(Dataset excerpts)
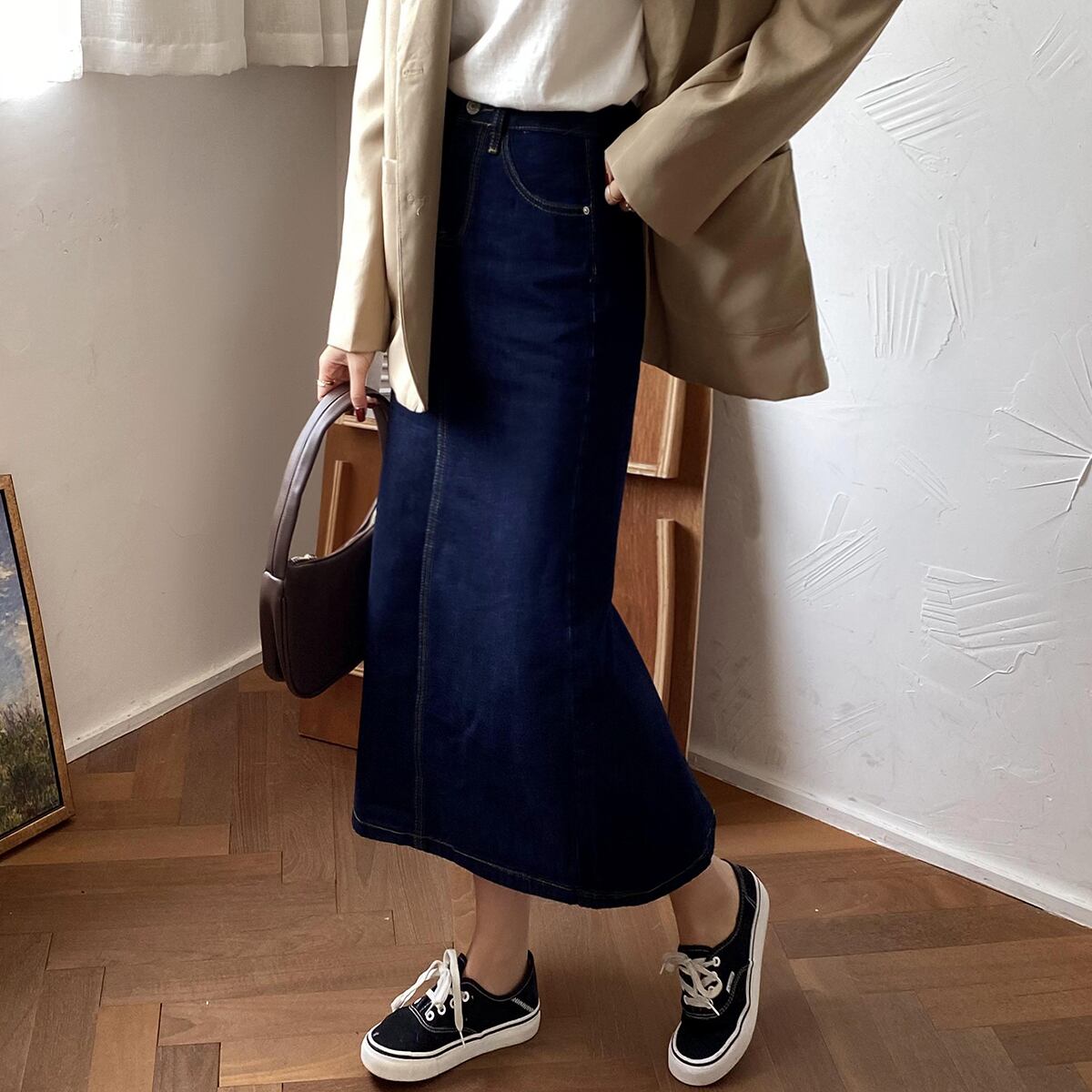 スカート オータムスタンダードハイウェストウェスト薄手Aライン レトロ 秋物 クレセントシティ41771170425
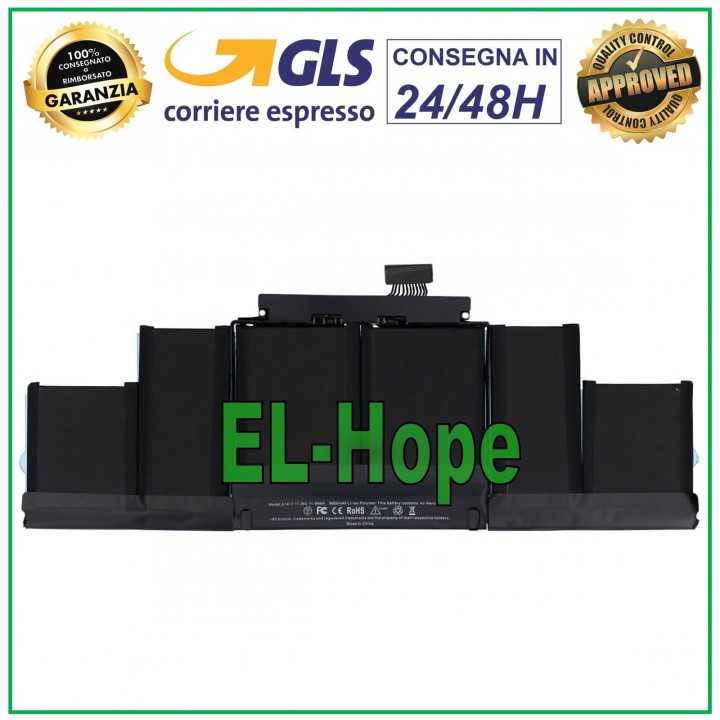 Batterie de remplacement A1417 pour Apple MacBook Pro 15  (2012-2013) A1398 8800 mAh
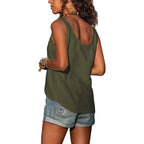 Back view of the olive green singlet showing the scoop back neckline and loose, breezy fit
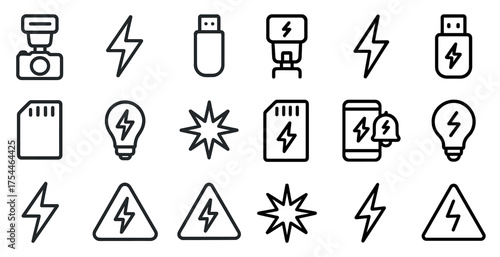 Electronics line icons set – silhouette, gadget symbols and tech device elements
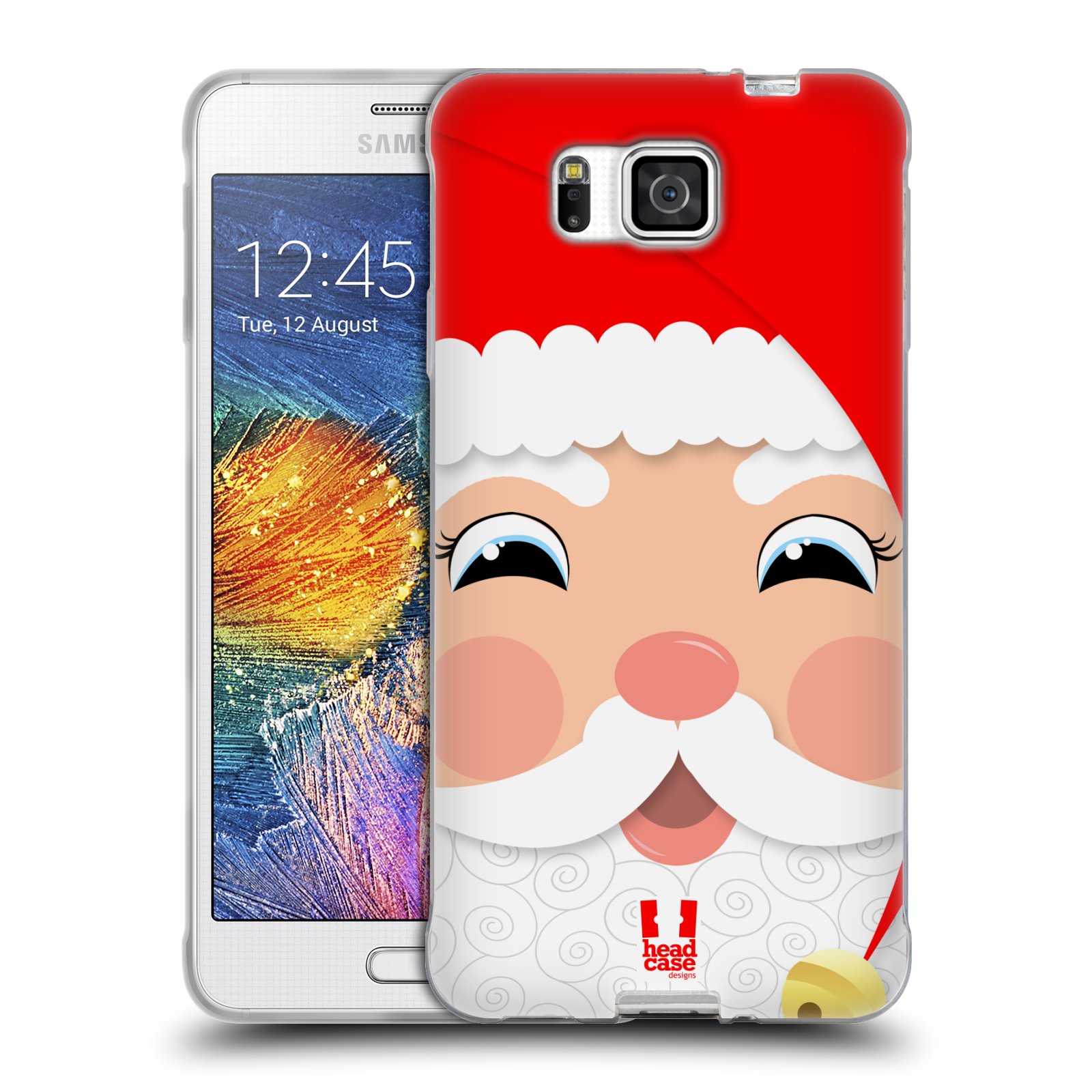 HEAD CASE silikonový obal na mobil Samsung Galaxy ALPHA vzor Vánoční tváře kreslené SANTA CLAUS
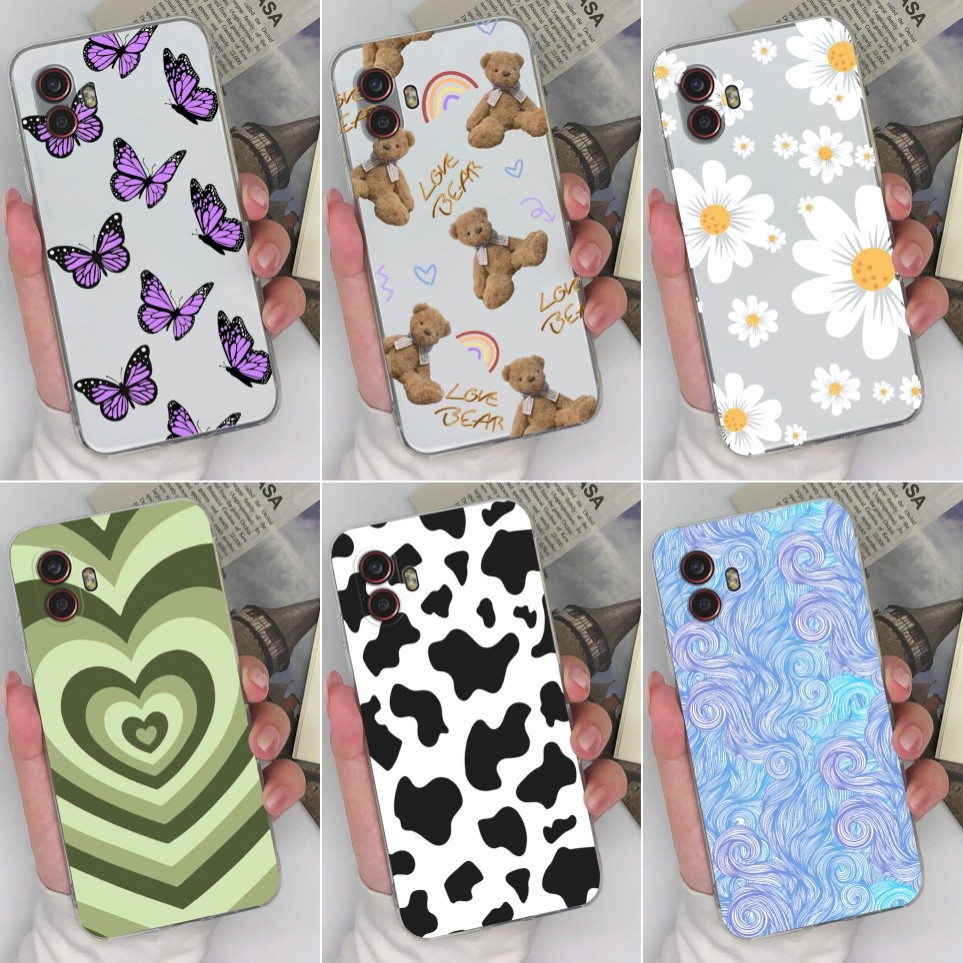 ปลอกสําหรับ Samsung Galaxy Xcover 6Pro 7 กรณี Pretty Love Heart ซิลิโคน Soft Clear TPU Shell สําหรับ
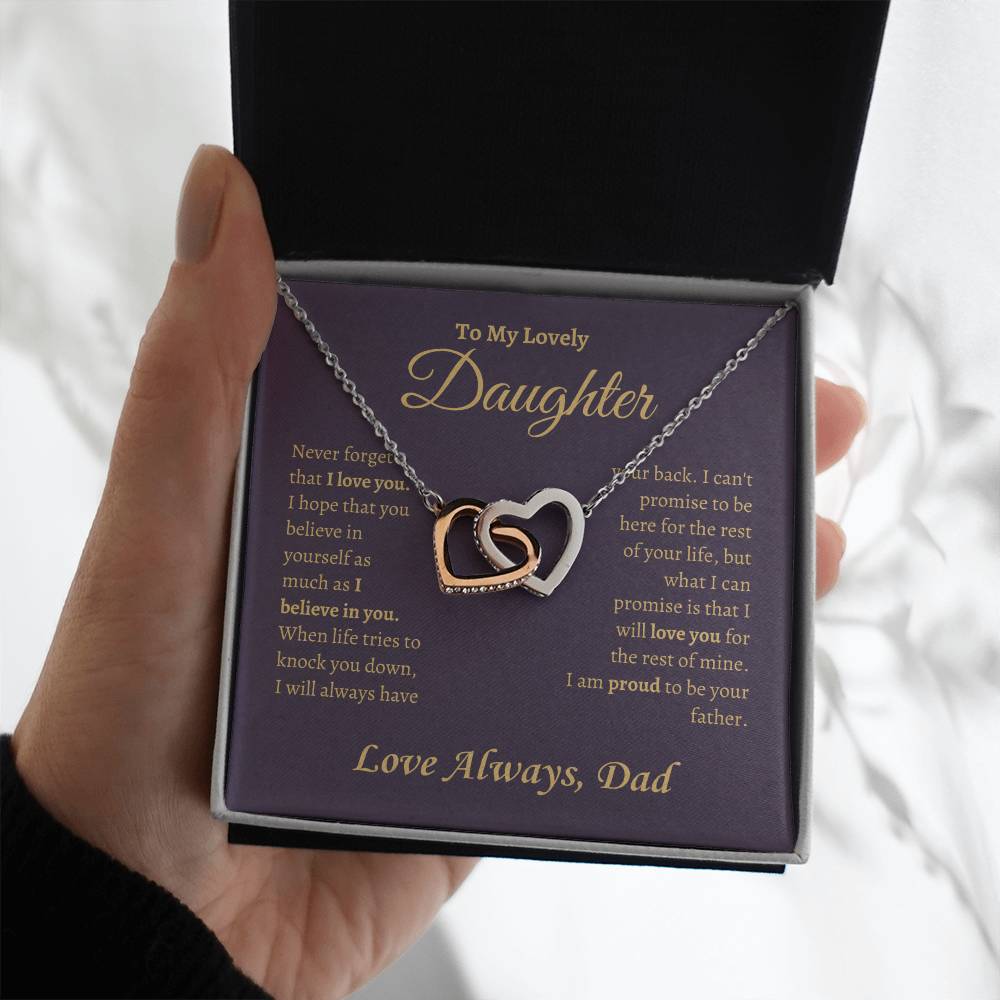 Proud to be your father | Interlocking Hearts Necklace | Gifts for Daughter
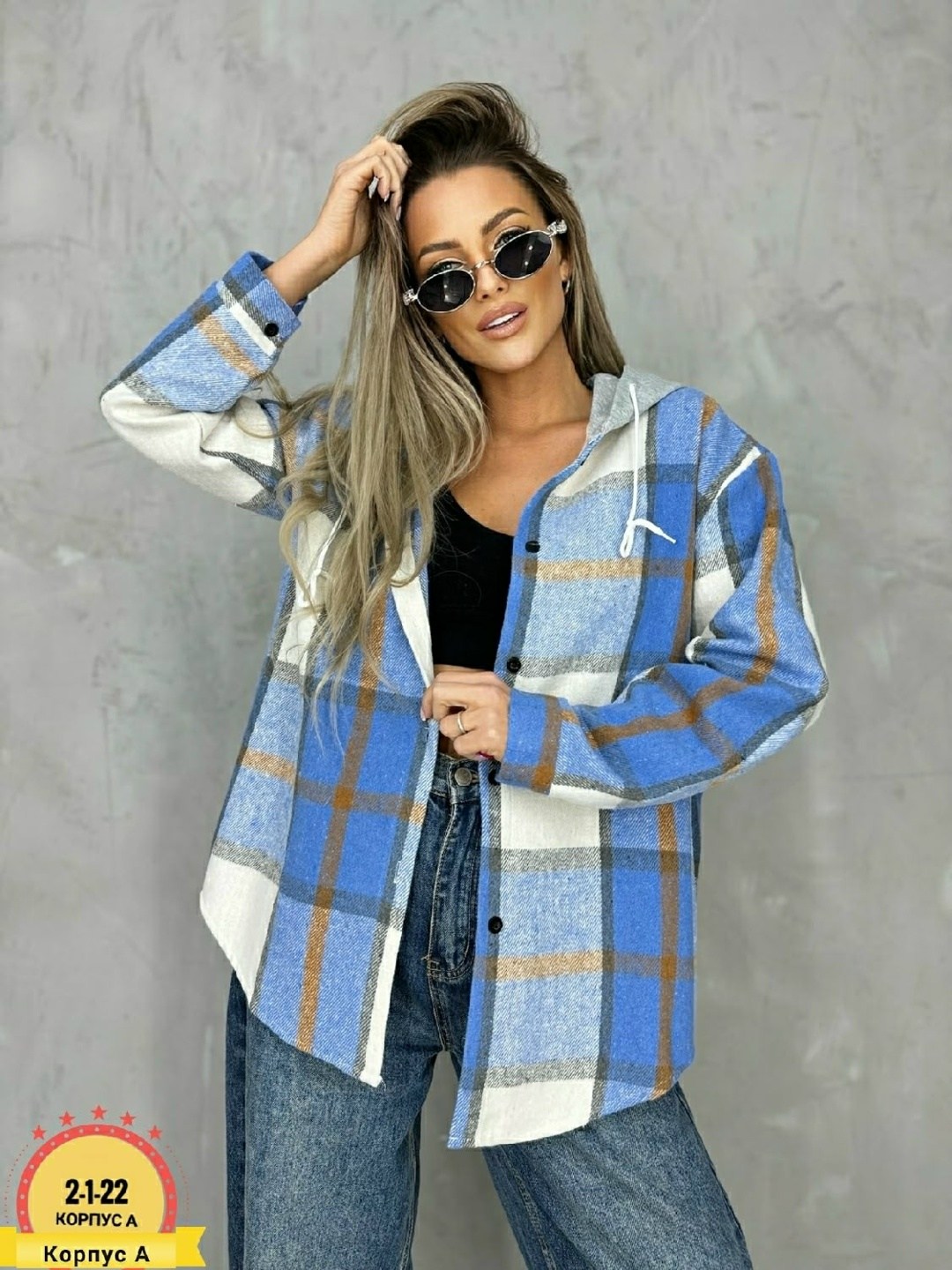 рубашка оверсайз теплая в клетку удлиненная amy store,рубашка оверсайз в клетку с капюшоном,рубашка теплая,удлиненная теплая рубашка оверсайз в клетку с капюшоном lady gina,рубашка женская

[Exercise description]
The preceding entries should be duplicated word for word; no picture belongs in the copy.

[Final answer]
 スカート オータムスタンダードハイウェストウェスト薄手Aライン レトロ 秋物 クレセントシティ41771170425
 Batterie de remplacement A1417 pour Apple MacBook Pro 15  (2012-2013) A1398 8800 mAh
 Back view of the olive green singlet showing the scoop back neckline and loose, breezy fit
 Electronics line icons set – silhouette, gadget symbols and tech device elements
 HEAD CASE silikonový obal na mobil Samsung Galaxy ALPHA vzor Vánoční tváře kreslené SANTA CLAUS
 ปลอกสําหรับ Samsung Galaxy Xcover 6Pro 7 กรณี Pretty Love Heart ซิลิโคน Soft Clear TPU Shell สําหรับ
 Proud to be your father | Interlocking Hearts Necklace | Gifts for Daughter
 рубашка оверсайз теплая в клетку удлиненная amy store,рубашка оверсайз в клетку с капюшоном,рубашка теплая,удлиненная теплая рубашка оверсайз в клетку с капюшоном lady gina,рубашка женская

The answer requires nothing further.